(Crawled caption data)
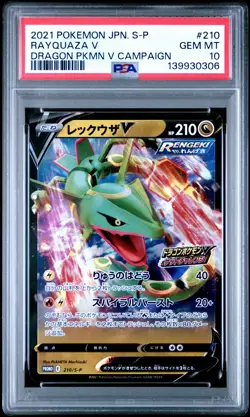 2021 POKEMON JPN S PROMO DRAGON POKEMON V CAMPAIGN #210 RAYQUAZA V PSA 10 - Image 1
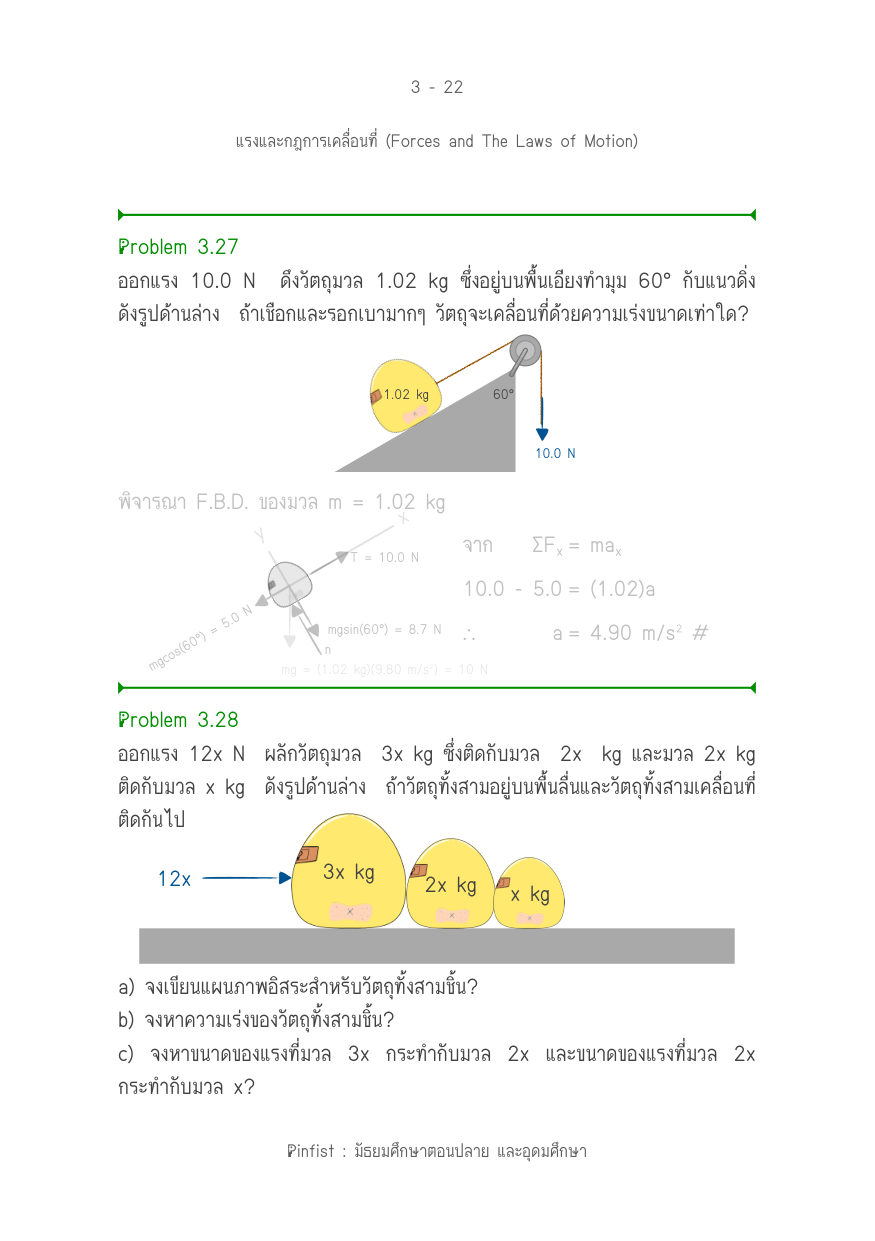 บทที่ 3 หน้า 22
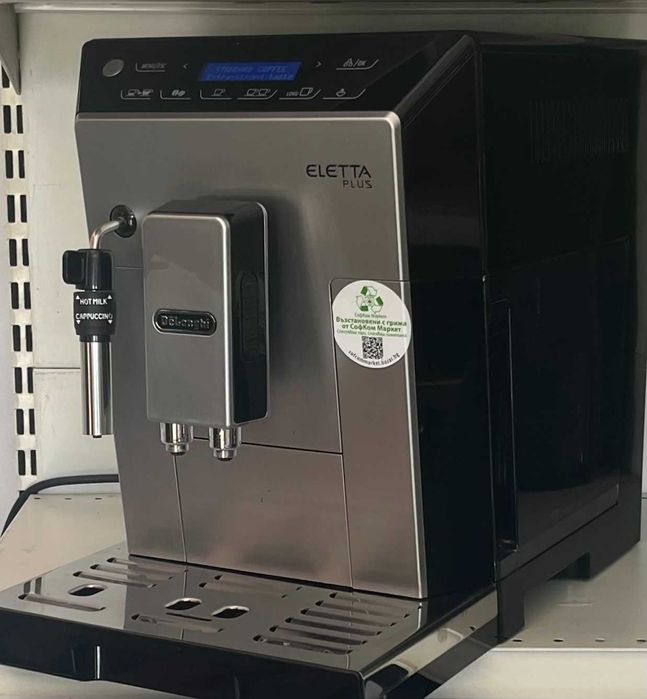Кафемашина Delonghi Eletta Plus ECAM 44.620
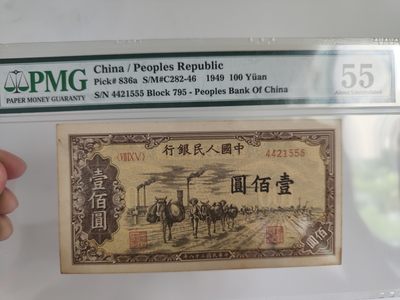 【华誉王者】1992期拍卖 - 一版驮运100元豹子555 无背标 PMG55, 795-4424555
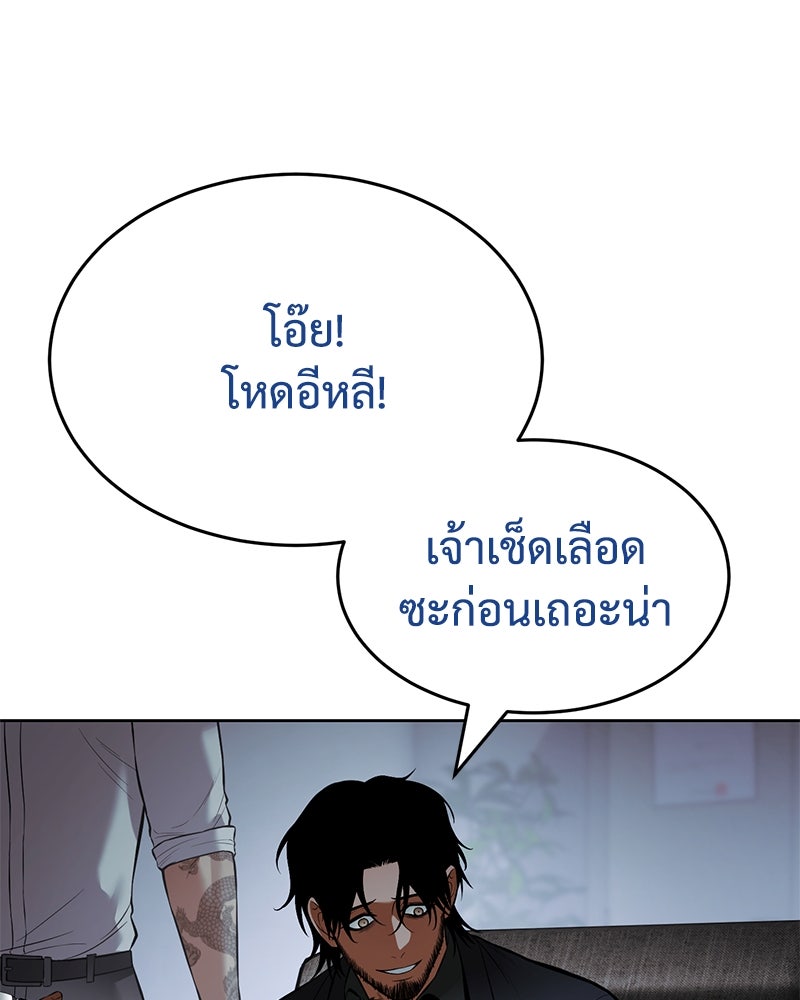 แบคXX - หน้า 49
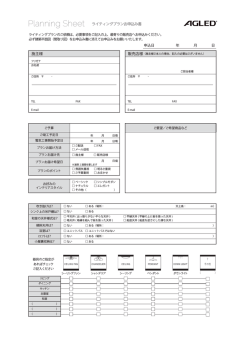 ライティング・プランお申込書ダウンロード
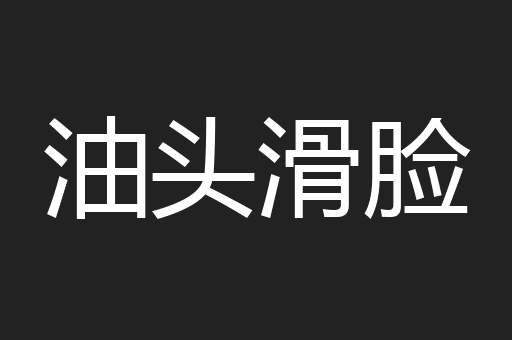 油头滑脸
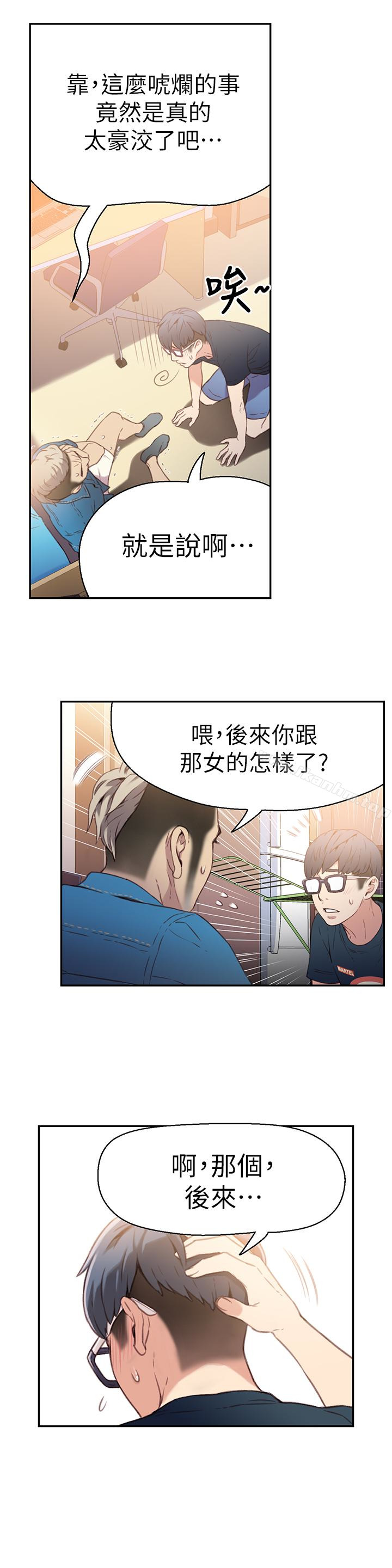 韩漫H漫画 超导体鲁蛇  - 点击阅读 第7话-这次…换在地铁车厢?! 21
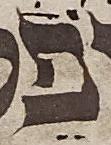 Letter - #50953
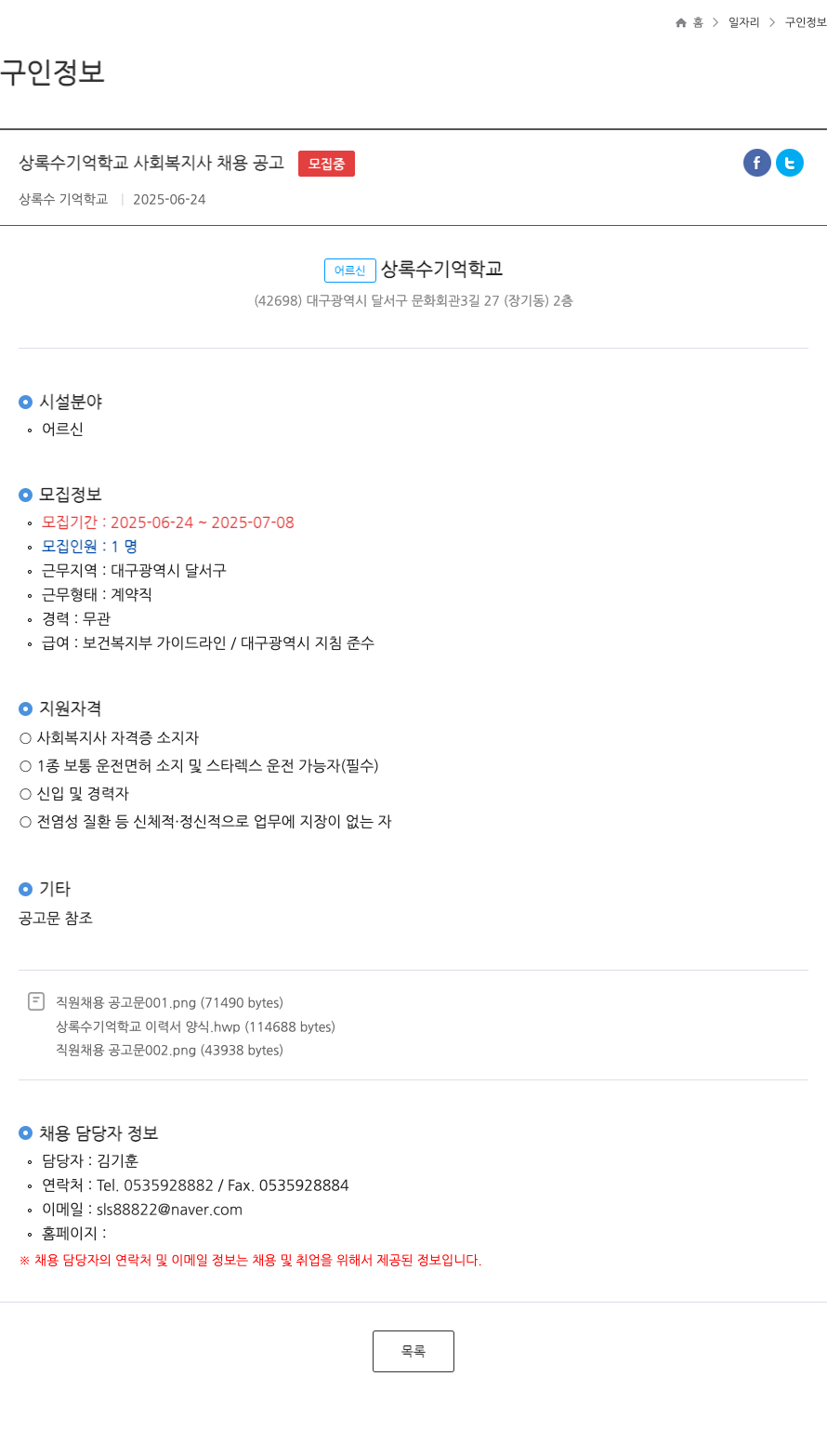 상록수기억학교 상록수 기억 학교 사회복지사 채용 공고 채용공고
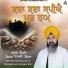 Bhai Jagdip Singh Ji (Gurdaspur Wale)
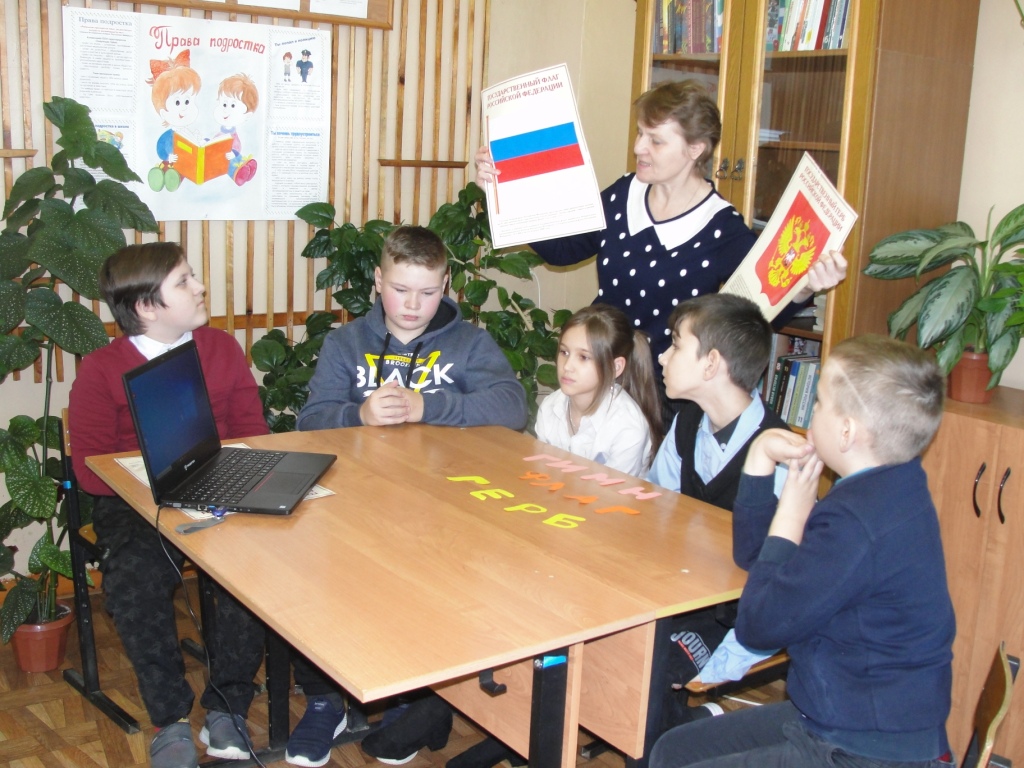 Символы 1.jpg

- PROBLEM REQUIREMENTS
Starting at the line containing "Letter - #50953", output every remaining line of the records above exactly, the last one included. Nothing else belongs in the output, and no pictures either.

- RESPONSE
 Letter - #50953
 상록수기억학교 상록수 기억 학교 사회복지사 채용 공고 채용공고
 Bhai Jagdip Singh Ji (Gurdaspur Wale)
 Символы 1.jpg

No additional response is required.